A fundamental part of value investing is to ensure that there is a margin of safety with your investments.
What this means is that you buy a stock when its price is not only lower than or equal to your calculated fair price, but that it’s significantly lower. This provides you with some gray area where your assumptions about the company can be a little bit off, and yet the investment will still turn out okay over the long run.
The margin of safety means that your assumptions would have to be significantly off course for that investment not to work out. But even then, by diversifying across 20+ companies and into other asset classes, the scenario becomes statistical in nature. For example, if you invest in 20 companies, and you only invest when a stock is trading at least 15% below your calculated fair price, then one or two of them can go bad while your overall portfolio will still perform admirably.
In the example of this chart, the time to buy would be when the stock price (red line) falls below the intrinsic fair value (blue line). It’s easier said than done, because you won’t have the benefit of seeing the rest of the chart in front of you, and the intrinsic fair value (blue line) is your calculated estimate of what the stock is worth rather than an absolute truth.
By sticking to sound value investing principles, however, you can do well. As can be seen in the chart, the fair value of a healthy company will be far less volatile than the stock price can potentially be, with only minor adjustments occurring each year based on new information.

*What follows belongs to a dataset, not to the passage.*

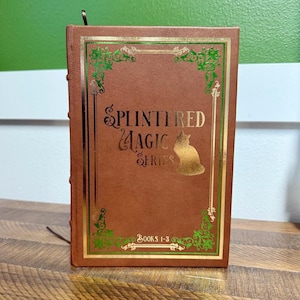May include: A brown book with gold lettering and accents. The title "Splintered Magic Series" is displayed with a cat silhouette. The book is bound with a bookmark and features the text "Books 1-3".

How to Calculate Intrinsic Value
In order to buy at an undervalued price, you’d first have to know what the fair price is. This combines art and science. The science is that given perfect company estimates and your target rate of return, you can easily calculate the objective fair value of any business or asset that produces cash flow. The art is that of course you don’t have the perfect estimates, you only have your imperfect approximations. You can make estimates based on historical growth rates, or based on future trends that could shape those growth rates, based on analysis of how the company is spending its cash, or based on realistic management projections and a pattern of meeting those projections.
Discounted Cash Flow Analysis (DCFA) is the fundamental stock valuation method for any asset or business that produces cash flows. When this method is applied on a share-by-share basis of a dividend stock, then it’s called either the Dividend Discount Model or Method (generally), or the Gordon Growth Model (under expectations of a perpetual static growth rate).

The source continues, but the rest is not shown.